The question for many on the Tigers side was whether the rule justified the playing a game in a division race without their best hitter.
"He made the correct calls," manager Jim Leyland, who was also ejected in the ensuing argument, said of plate umpire Brian Gorman's strike call on Cabrera. "I wasn't questioning the calls at all. But I just thought that it was an unnecessary ejection."
For Cabrera, given the implications, it was a perplexing one.
"I don't know if I've got bad history," Cabrera said. "I don't know what was going through his mind. To me, it's not like he's not the best umpire, he's not the worst umpire. To me, it's in the middle of a situation where you want to do good for your team and you want to fight.
"Right now, we're in good position to win our division. Kicked out of the game like that, I think that's frustration for me."
The call itself was pretty clear. Cabrera, batting with two outs in the opening inning, took a called first strike from Sale before trying to check his swing on a nasty slider that drove down and in on him.
Replay showed the ball hit him on his right knee, but Gorman said Cabrera went around on his swing. In that case, it's a strike regardless of whether the ball hits him.
Cabrera tried to argue he was trying to avoid the pitch.
"I tried to get out of the way," Cabrera said. "He said, 'You swung.' He said, 'You're too far out.' I said, 'How can you explain that? How can you explain I'm too far off?'"
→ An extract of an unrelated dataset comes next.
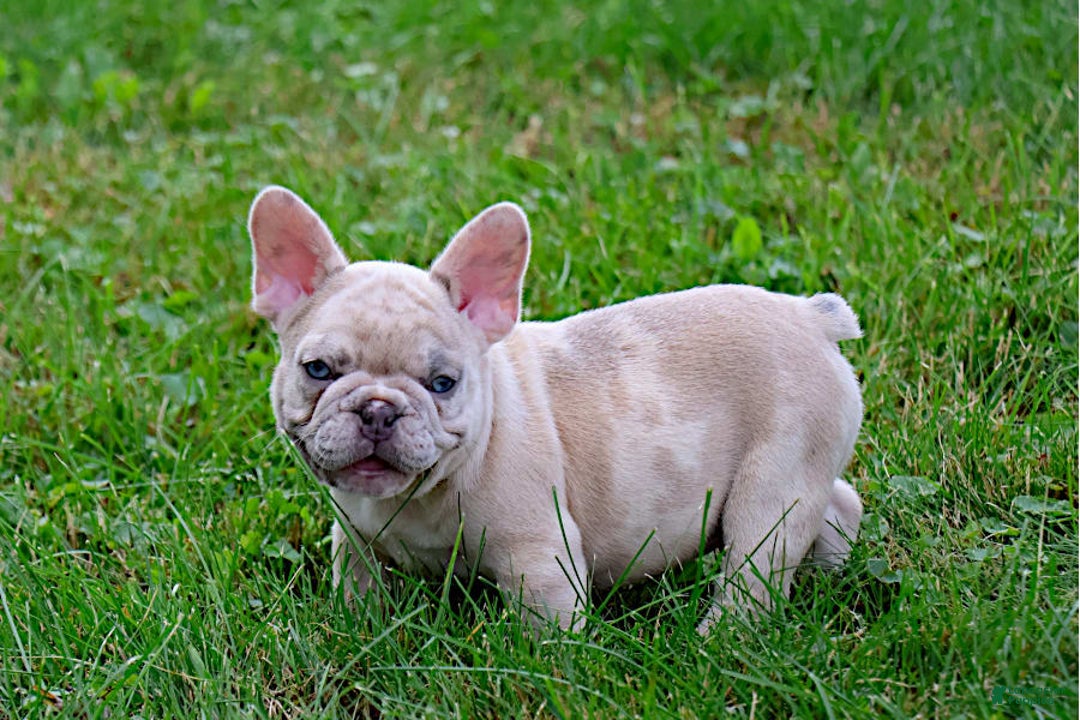 French Bulldog dogs for sale: Aragon - Image 5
Gorman, at some point, warned Cabrera to stop it.
"He kept arguing about the swing part of it," Gorman said. "He was warned, and he continued to argue."
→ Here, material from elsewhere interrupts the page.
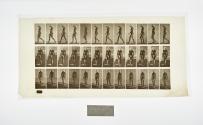 [Plate 13: negative for Animal Locomotion collotype]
Cabrera fouled off the next pitch, then apparently said something more as he stepped out of the batter's box. Gorman promptly ejected him, much to Cabrera's surprise.
"Oh, come on," Cabrera could be seen telling Gorman on replay.
It was somewhat similar to a July 28 ejection Cabrera received from plate umpire Chad Fairchild, who tossed Cabrera for his reaction to a called strike with the bases loaded and one out in the third inning. In that case, too, Cabrera saw another pitch before being ejected for saying something about the previous one. In neither case did Cabrera make a physical gesture.
In both cases, the respective umpires said they warned Cabrera not to say anything more, and promptly ejected him when he did.
"He was told to stop arguing and continued to argue," Gorman said, "and he was ejected for continuing the argument."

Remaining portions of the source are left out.